GRENOBLE ET ROUEN : DEUX TRAJECTOIRES DE RECONVERSION INDUSTRIELLE POUR REFONDER LA SOUVERAINETÉ PRODUCTIVE
Après quelques années de rebond, la réindustrialisation de la France connaît de nouvelles difficultés : les fermetures de sites industriels ont pris le dessus sur la création de nouvelles unités productives, fragilisant une dynamique essentielle à la reconstitution d’une nouvelle forme de souveraineté.

Les métropoles de Grenoble et de Rouen ont présenté, lors de la commission Économie des territoires du 7 octobre 2025, deux démarches emblématiques de reconversion de sites industriels majeurs. Leurs expériences illustrent la diversité des réponses apportées par les territoires urbains aux défis de la désindustrialisation et de la transition productive.
Grenoble : préserver la vocation industrielle d’un site stratégique
Christophe Vandepoortaele, directeur général adjoint de Grenoble Alpes Métropole, a décrit la fermeture de la plateforme chimique centenaire de 120 hectares à Pont-de-Claix, entraînant la perte directe de 600 emplois et un manque à gagner fiscal annuel de 5 M€.

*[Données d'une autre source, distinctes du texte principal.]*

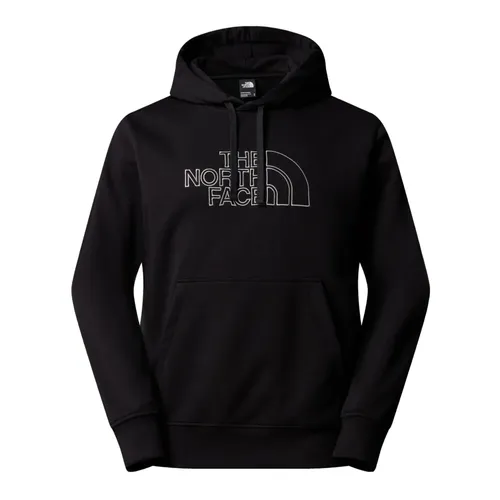 Drew Peak Light Hoodie - The North Face - Modalova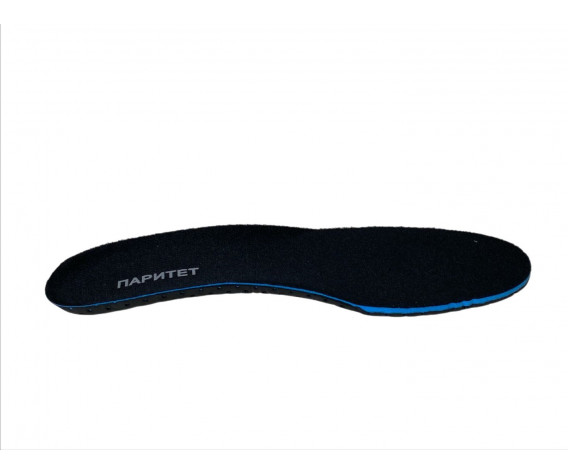 Фото: “Берцы облегченные Паритет М 6655”, купить в интернет магазине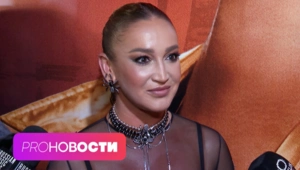 Ольга Бузова устроила ДЕВИЧНИК! Оксана Самойлова прокомментировала свой развод.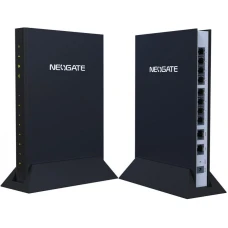 VoIP-шлюз Yeastar TA800 черный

Reliée à une mine de sel située à 90 km de la métropole, ressource essentielle pour la filière chimique, la plateforme constitue un maillon stratégique de la souveraineté nationale dans la production du chlore et de ses dérivés.
La Métropole a choisi de maintenir les périmètres de sécurité et les autorisations ICPE, afin de garantir la possibilité d’un redéploiement industriel sans lourdeur administrative.
Une étude métropolitaine sur deux ans, conduite avec l’État et pilotée par un comité de pilotage présidé par la préfète, vise à définir un plan de réindustrialisation combinant faisabilité technique, juridique et financière.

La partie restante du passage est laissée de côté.